Below, find the line containing "Classification KINGDOMS Weird" and the line containing "5th Area Autumn Collection 4"; reproduce exactly those two and every line between them, omitting pictures.

Information shown:
·····
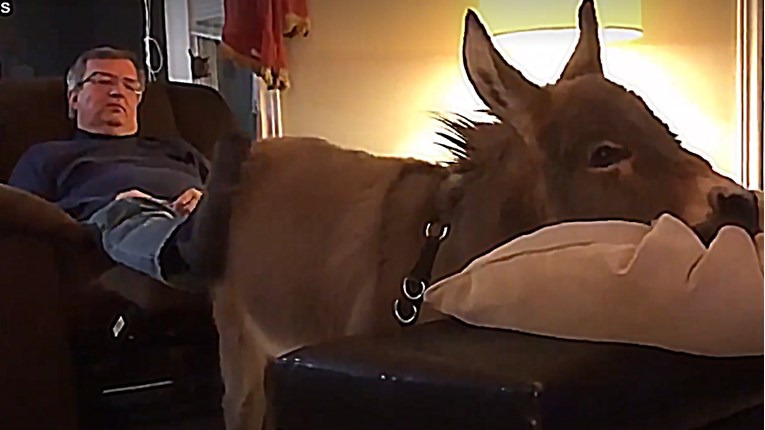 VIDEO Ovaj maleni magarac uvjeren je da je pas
·····
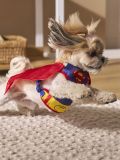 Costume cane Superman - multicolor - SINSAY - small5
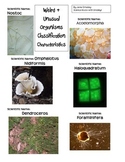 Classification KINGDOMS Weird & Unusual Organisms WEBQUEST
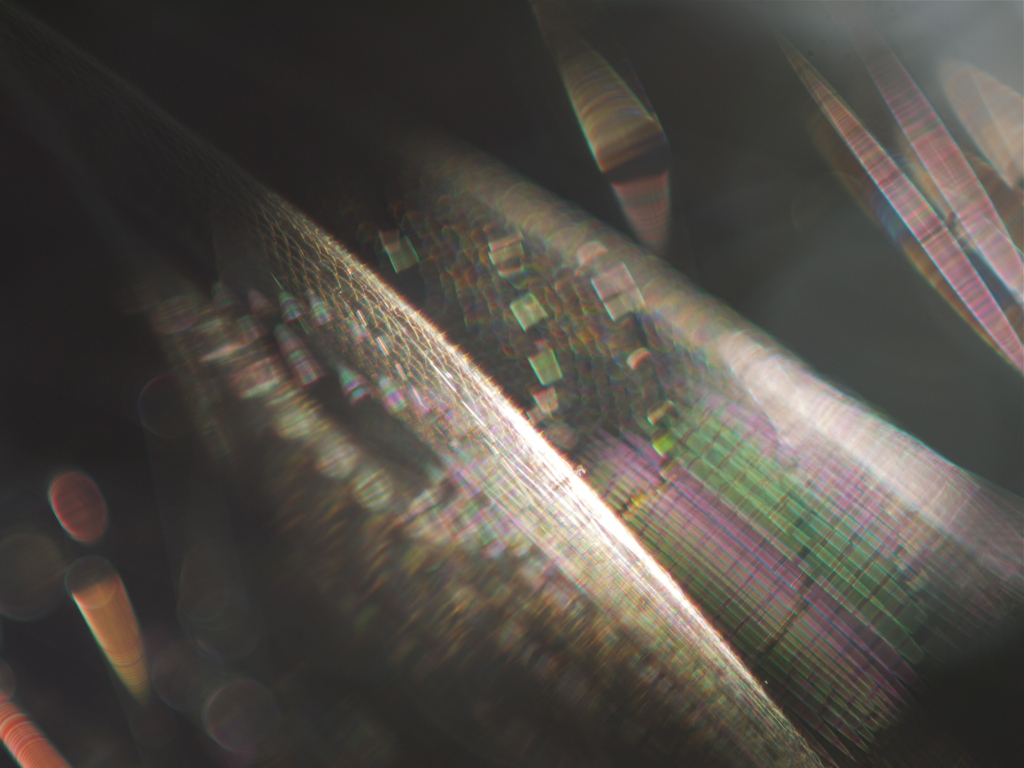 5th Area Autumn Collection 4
·····
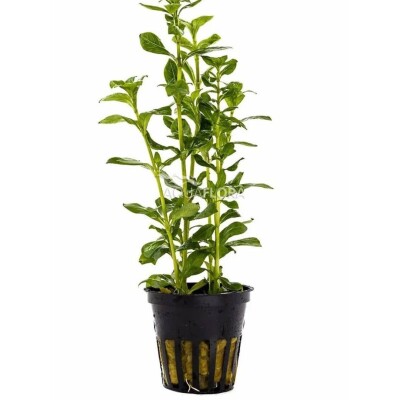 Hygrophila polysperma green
·····
The completed task:
 Classification KINGDOMS Weird & Unusual Organisms WEBQUEST
 5th Area Autumn Collection 4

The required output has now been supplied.